If culture makes a place more attractive to live it first needs people to make culture happen. The kind of culture that Florida describes often happens within neighbourhoods where universities sometimes have little reach and where artists will not always feel their benefits. Where universities have a more visible role is in the coordination of large-scale art, joining in on cultural events to increase their impacts, and supporting the funding of culture through the maintenance of heritage and wider infrastructure funding. Universities are living in constrained financial times but in making their places more appealing to live in they reap the rewards of increased footfall and investment.
The second is in training the future creative workforce. The current financial climate, and frankly funding incentives, militates against much of this work. However, only higher education providers are going to train the future heritage experts, architects, museum curators, and so on. Unfortunately, as the work of universities has been narrowed to economic utility this work must be continually defended. Demonstrating how creative industries make places richer is one of the ways this can be done.
The third is then about place. Take a look at New Writing North and Northumbria University which simultaneously is about making Newcastle a more vibrant place, engaging with local communities, and strengthening Newcastle’s creative distinctiveness to create a cluster of activities. As they put it
It will be a place for communities across the region to engage with creative writing, literature and reading. The centre will mean growing New Writing North and furthering our ambition to nurture writers from across the region. We know that whilst talent is everywhere the opportunities are not. The centre will strengthen Newcastle’s ambitions to become a national hub for writing and publishing and contribute to its growing status as a creative industries leader. The centre will be the first of its kind involving a cross-section of nationwide partners – from the arts, academia, media, and publishing industries – based in one, single dynamic site.

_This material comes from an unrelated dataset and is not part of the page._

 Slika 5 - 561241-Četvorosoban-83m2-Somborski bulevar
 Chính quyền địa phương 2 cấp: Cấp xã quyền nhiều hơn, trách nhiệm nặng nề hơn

It’s an economic idea couched in cultural language. Play to your strengths, get partners to work together, and attention (and crucially investment) will follow. The research element is another crucial part of crowding in knowledge into places, attracting new partners, and in turn further growing regional distinctiveness.
Too big too important
If there is an agenda about funding, labour markets, and places, this work needs coordinating for the most impact. The creative landscape is as messily funded and supported as the higher education landscape. Local authorities, combined authorities, and the interaction between the two, are even messier still. Universities act as useful anchors to coordinate disparate activities. Programmes like culture at home by the University of Liverpool (disclosure I worked there at the time) are possible because the institution was able to bring partners together with its resources and shared approach with its partners. Even where not formally constituted by a university it is no coincidence that culture boards contain large numbers of people that work, or have worked, at universities.
Culture should not be forever twisted until it becomes a simple economic utility. It is too big, too delicate and too valuable for that. However, the key to preserving their value is partially about explaining their utilities. For universities, that is an argument about investment, labour markets, place-making, and coordinating disparate assets into a single whole.
Really interesting! And got me thinking about a number of gaps that still exist between universities, cultural organisations and marginalised communities.